# Soundsystem mit Klemm-Kabel an Fernseher anschließen



## nitg (6. Februar 2011)

*Soundsystem mit Klemm-Kabel an Fernseher anschließen*

Hallo zusammen!

Ich hab hier ein 2.1 Soundsystem, welches sich nur per Klemm-Kabel (die offenen Kabel zum reinklemmen, weiß leider die Bezeichnung davon nicht) anschließen lässt. Mein Fernseher (Samsung 3D) hat so einen Eingang aber leider nicht. 

Gibts eine Lösung hierfür, ohne dass ich ein zusätzliches Gerät (Stereo-Anlage) aufstellen muss?


----------



## p00nage (6. Februar 2011)

*AW: Soundsystem mit Klemm-Kabel an Fernseher anschließen*

hört sich nach einem passiven system an , hast du Bilder davon ? wo hast du es davor angeschlossen gehabt?


----------



## Bier (6. Februar 2011)

*AW: Soundsystem mit Klemm-Kabel an Fernseher anschließen*

Da müsstest du dann wohl noch einen Stereoverstärker zuwischenklemmen.
Ich gehen jetzt mal davon aus, dass du mit Klemmkabel ganz normale Lautsprecherkabel meinst.


----------



## nitg (6. Februar 2011)

*AW: Soundsystem mit Klemm-Kabel an Fernseher anschließen*

hallo!

ja, es ist ein passives system. das einzige, was man an kabeln anschließen kann sind 2 inputs und 2 outputs. also jeweils schwarz und rot. stromkabel gibts keines. 

hatte das system bisher noch nirgendwo angeschlossen, gerade erst bekommen.

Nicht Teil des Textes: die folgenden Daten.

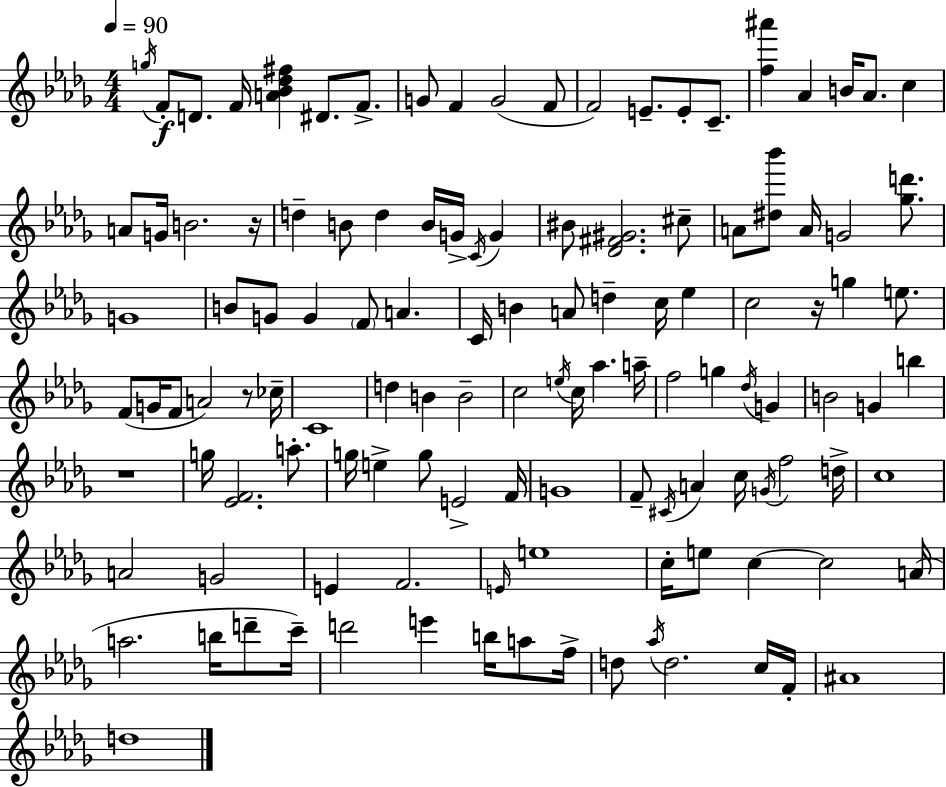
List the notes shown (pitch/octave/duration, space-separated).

G5/s F4/e D4/e. F4/s [A4,Bb4,Db5,F#5]/q D#4/e. F4/e. G4/e F4/q G4/h F4/e F4/h E4/e. E4/e C4/e. [F5,A#6]/q Ab4/q B4/s Ab4/e. C5/q A4/e G4/s B4/h. R/s D5/q B4/e D5/q B4/s G4/s C4/s G4/q BIS4/e [Db4,F#4,G#4]/h. C#5/e A4/e [D#5,Bb6]/e A4/s G4/h [Gb5,D6]/e. G4/w B4/e G4/e G4/q F4/e A4/q. C4/s B4/q A4/e D5/q C5/s Eb5/q C5/h R/s G5/q E5/e. F4/e G4/s F4/e A4/h R/e CES5/s C4/w D5/q B4/q B4/h C5/h E5/s C5/s Ab5/q. A5/s F5/h G5/q Db5/s G4/q B4/h G4/q B5/q R/w G5/s [Eb4,F4]/h. A5/e. G5/s E5/q G5/e E4/h F4/s G4/w F4/e C#4/s A4/q C5/s G4/s F5/h D5/s C5/w A4/h G4/h E4/q F4/h. E4/s E5/w C5/s E5/e C5/q C5/h A4/s A5/h. B5/s D6/e C6/s D6/h E6/q B5/s A5/e F5/s D5/e Ab5/s D5/h. C5/s F4/s A#4/w D5/w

so in der art sehen die kabel aus, nur schwarz und rot eben:
Link


----------



## Dr Bakterius (6. Februar 2011)

*AW: Soundsystem mit Klemm-Kabel an Fernseher anschließen*

Da fehlt leider ein Verstärker, am besten einen der den Anschluss für Toslink mitbringt. Damit läßt sich der Fernseher am einfachsten mit dem Verstärker verbinden.


----------



## Bier (6. Februar 2011)

*AW: Soundsystem mit Klemm-Kabel an Fernseher anschließen*

Ja das sind Lautsprecherkabel.
Die musst du an einen Verstärker anschließen.
Um was für Lautsprecher handelt es sihc genau?
Die haben doch Sicherlich einen Namen oder irgendeine Produktbezeichnung.

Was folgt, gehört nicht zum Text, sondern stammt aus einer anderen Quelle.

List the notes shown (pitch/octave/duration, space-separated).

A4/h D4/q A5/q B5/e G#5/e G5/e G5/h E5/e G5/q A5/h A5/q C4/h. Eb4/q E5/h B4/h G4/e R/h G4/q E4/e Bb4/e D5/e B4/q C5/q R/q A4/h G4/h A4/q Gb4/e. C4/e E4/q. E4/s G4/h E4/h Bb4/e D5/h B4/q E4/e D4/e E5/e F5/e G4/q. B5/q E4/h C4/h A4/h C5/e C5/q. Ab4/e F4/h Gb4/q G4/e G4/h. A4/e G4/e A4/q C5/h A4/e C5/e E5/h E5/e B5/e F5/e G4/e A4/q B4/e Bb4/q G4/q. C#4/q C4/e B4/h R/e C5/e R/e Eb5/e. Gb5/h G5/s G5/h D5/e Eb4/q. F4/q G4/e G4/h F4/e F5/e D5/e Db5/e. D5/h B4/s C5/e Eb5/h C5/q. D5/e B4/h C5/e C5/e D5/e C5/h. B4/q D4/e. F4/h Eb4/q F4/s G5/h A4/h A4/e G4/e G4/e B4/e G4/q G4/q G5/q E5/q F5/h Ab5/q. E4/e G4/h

*edit: *Dr Bakterius war schneller


----------



## nitg (6. Februar 2011)

*AW: Soundsystem mit Klemm-Kabel an Fernseher anschließen*

Sie heißen Quadral Trianon TSA II.

Könnt ihr mir da vielleicht irgend eine Günstig-Lösung empfehlen?


----------



## Bier (6. Februar 2011)

*AW: Soundsystem mit Klemm-Kabel an Fernseher anschließen*

Ich bin nur ein bisschen verwirrt, da ich noch nie etwas von passiven 2.1 Systemen gehört habe.
Die beiden Satellieten werden sicherlich mit den Lautsprecherkabeln angeschlossen, aber was für ein Kabel hat der Sub?

N Foto wär vielleicht nicht schlecht.


----------



## watercooled (6. Februar 2011)

Jap, das würde die Sache vereinfachen. Aber Quadral hört sich Schonmal sehr lecker an!


----------



## Gast12348 (6. Februar 2011)

*AW: Soundsystem mit Klemm-Kabel an Fernseher anschließen*



Bier schrieb:


> Ich bin nur ein bisschen verwirrt, da ich noch nie etwas von passiven 2.1 Systemen gehört habe.
> Die beiden Satellieten werden sicherlich mit den Lautsprecherkabeln angeschlossen, aber was für ein Kabel hat der Sub?
> 
> N Foto wär vielleicht nicht schlecht.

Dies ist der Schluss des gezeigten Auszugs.